One must first determine whether he needs to file returns as the government has provided an exemption for those people whose total salary falls under Rs.5 lakhs under the condition that the same people do earn more than Rs.10000 as an interest amount from saving deposits and also fulfill other criteria as laid down by the authorities.
Choose the right form for filing of returns:
There are different forms of filing income tax returns online as per the various types of assesses.
– ITR1 form: for people who derive income from salary or pension or from one house property.
– ITR2 form: for people whose income comes from other sources besides those mentioned in ITR1 which do not include any profits or gains from the profession.
– ITR3 form: for people who are partners in firms and taxes can be charged on their income under the gains and head profits but does not include bonuses, salary, commissions, or any interests.
– ITR4 form: for an individual who carries out business with a proprietorship concern.
– ITR4S form: for those assesses who take advantage of the Presumptive Taxation Scheme.
Quote the right PAN Number and check Tax Credit Statement:
Be careful when you are entering your PAN Number as normal to make mistakes given the complexity of the number. You can also confirm you PAN Number online at the website of income taxes.
The income tax department issues a statement of TDS to all assesses called Form 26AS and is available online. The form includes details of TDS: Tax Deducted at Source TCS: Tax collected at source, Advance taxes or regular assessment tax, self-assessment tax, and details of refunds if any issued.

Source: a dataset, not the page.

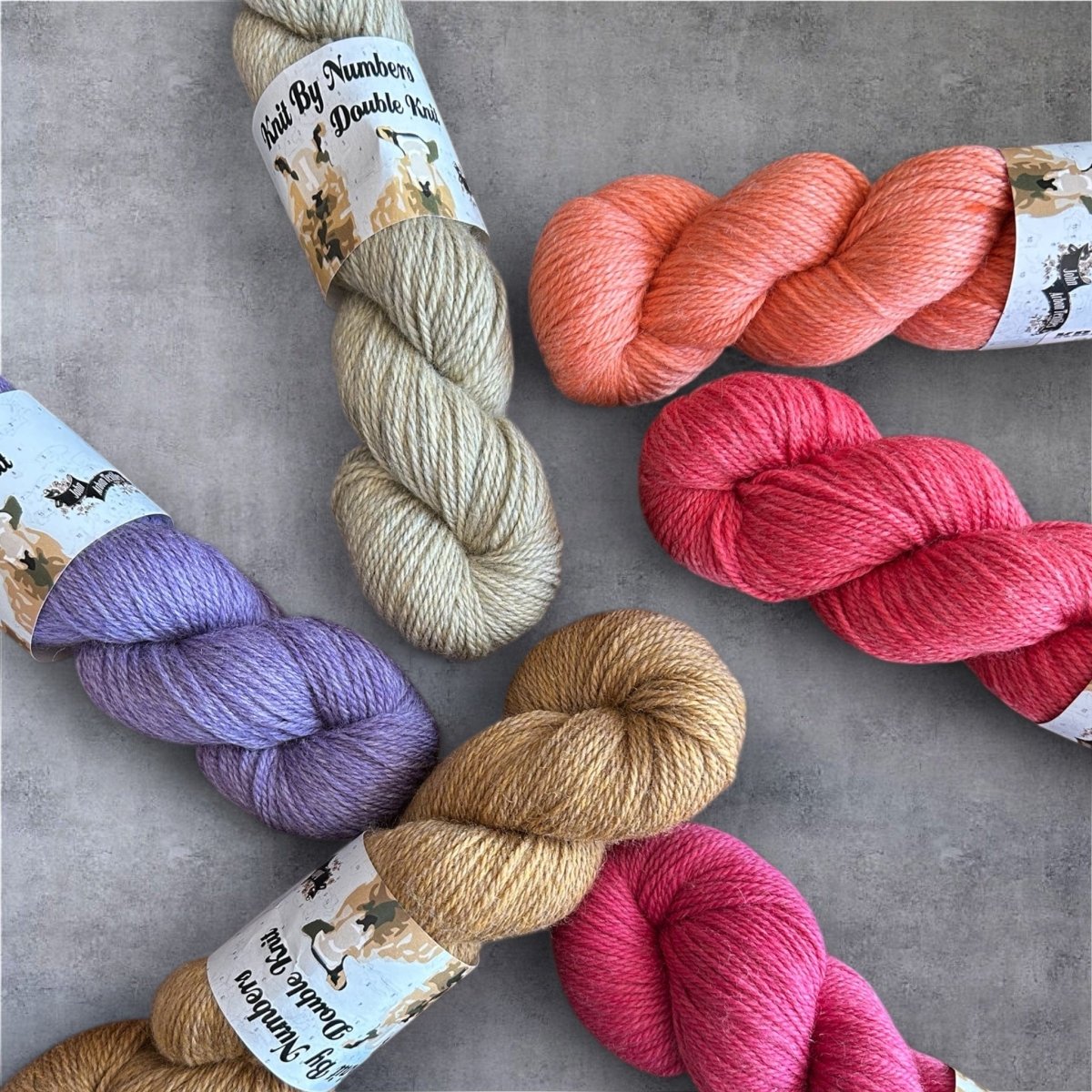 John Arbon Textiles Knit by Numbers DK - BONIFAKTUR - 01 - John Arbon Textiles John Arbon Textiles Knit by Numbers DK Farben 1 - 55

You can also learn how to rectify income tax return online in case of any mistakes. You will be provided with steps to file revised income tax returns online at the website.
Check bank details and disclose any other sources of salary:
The new system allows refunds of up to Rs.25000 to be credited directly to your bank account. For this, the correct bank details are necessary and hence one must be careful in handing out the Bank Account Number, BSR Code and the MICR Code.
Also, any income from sources like earnings received from mutual funds or capital gains, interests amount on savings deposits, or any other business income.
Include details of any foreign assets:
As per the Income tax act of 1961 people who are tax-paying citizens of India are required to pay taxes for their other assets located globally as well. They have to provide details regarding the incomes earned abroad and also bank account details if any held abroad.
Claim deductions for tax saving:
You also keep in mind that certain forms of incomes can be deducted while filing claims and thus you should check and see which of them could be eligible for the same under section 80C, 80D, etc. This should be done by filling out the relevant information in the forms so that you can get credit which processing the returns itself.
The timely filing must be done:
If you forget to file your returns in time, you will have to face interests and penalties. There is also a penalty for filing wrong income tax returns. Filing them in time will allow quicker processing of ITR and refunds if there are any.
Also remember that for people whose income goes beyond Rs.10 lakhs they can file returns online alone.
Thus, keep in mind these small important details, and you’ll be good to go!